It’s never made clear whether anyone is meant to believe a word he is saying. It’s certainly never made clear whether he does. It’s not so much that he’s lying. What, after all, is a lie in a post-truth world?
Some background. Four and a half years ago, the then home secretary Theresa May made her sole contribution to the EU referendum campaign, a solitary speech in which she argued, quite correctly, that the UK’s national security interests were better served inside the EU.
During the entire referendum campaign, no one on the Leave side made any attempt to correct her. It was an aspect of the debate they made a clear choice never to go anywhere near. And yet, four and a half years later, here was Michael Gove at the despatch box, telling the now ex-prime minister: “We can co-operate more effectively to safeguard our borders outside the EU than we ever could inside.”
It hardly bears repeating that Brexit means leaving Europol. It also means doing without the European Arrest Warrant, the thing that, back then, David Cameron never tired of pointing out allowed the UK to have the failed 21/7 bombers sent back from Italy, and tried and jailed here.

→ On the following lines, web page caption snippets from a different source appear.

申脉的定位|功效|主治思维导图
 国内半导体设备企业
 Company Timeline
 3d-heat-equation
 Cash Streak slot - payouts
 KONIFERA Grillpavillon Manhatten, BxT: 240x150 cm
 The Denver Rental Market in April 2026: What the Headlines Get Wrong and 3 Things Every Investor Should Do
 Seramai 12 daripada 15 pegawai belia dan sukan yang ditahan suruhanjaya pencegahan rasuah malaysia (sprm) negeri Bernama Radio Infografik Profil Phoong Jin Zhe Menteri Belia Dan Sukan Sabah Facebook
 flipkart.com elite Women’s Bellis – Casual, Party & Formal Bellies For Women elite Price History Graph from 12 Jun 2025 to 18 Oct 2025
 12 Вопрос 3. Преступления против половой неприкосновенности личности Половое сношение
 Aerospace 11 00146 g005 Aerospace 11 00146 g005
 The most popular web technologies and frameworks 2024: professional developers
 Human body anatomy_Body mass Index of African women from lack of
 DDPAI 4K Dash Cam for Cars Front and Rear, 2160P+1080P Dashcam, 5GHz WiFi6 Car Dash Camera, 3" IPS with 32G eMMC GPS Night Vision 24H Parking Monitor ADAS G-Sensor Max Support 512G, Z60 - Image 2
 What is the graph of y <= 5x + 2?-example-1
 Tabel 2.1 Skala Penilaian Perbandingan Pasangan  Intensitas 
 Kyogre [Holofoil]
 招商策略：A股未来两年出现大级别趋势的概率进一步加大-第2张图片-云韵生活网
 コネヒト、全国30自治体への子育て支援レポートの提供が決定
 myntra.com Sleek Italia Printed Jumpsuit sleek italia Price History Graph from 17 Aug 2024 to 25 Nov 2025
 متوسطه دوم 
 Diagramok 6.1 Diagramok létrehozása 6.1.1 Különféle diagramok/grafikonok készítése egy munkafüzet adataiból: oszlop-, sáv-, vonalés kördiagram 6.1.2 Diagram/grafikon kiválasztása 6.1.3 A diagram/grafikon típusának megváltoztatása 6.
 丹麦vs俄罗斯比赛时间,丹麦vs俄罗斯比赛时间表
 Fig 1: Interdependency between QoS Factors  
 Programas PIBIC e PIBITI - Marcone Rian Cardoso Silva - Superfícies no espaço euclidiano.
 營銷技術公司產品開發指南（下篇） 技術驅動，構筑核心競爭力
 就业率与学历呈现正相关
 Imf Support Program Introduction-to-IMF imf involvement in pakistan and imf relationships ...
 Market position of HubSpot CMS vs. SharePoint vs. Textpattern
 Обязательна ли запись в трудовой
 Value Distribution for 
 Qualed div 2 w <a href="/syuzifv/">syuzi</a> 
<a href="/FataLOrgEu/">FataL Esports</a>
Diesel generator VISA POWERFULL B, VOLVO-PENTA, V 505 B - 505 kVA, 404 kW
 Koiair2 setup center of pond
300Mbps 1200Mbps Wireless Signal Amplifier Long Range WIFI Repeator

With his final words, Gove had this gem to offer. “I agree with her. When it comes to everything, security and other matters, no deal is better than a bad deal.”
Here, of course, you find the measure of the man. As Gove well knows, Theresa May spent a long time saying those words, before concluding they were meaningless, and that the horrors of no deal could not, in good conscience, be visited upon the British people, who were promised that this could never happen – and not by her, but by Michael Gove.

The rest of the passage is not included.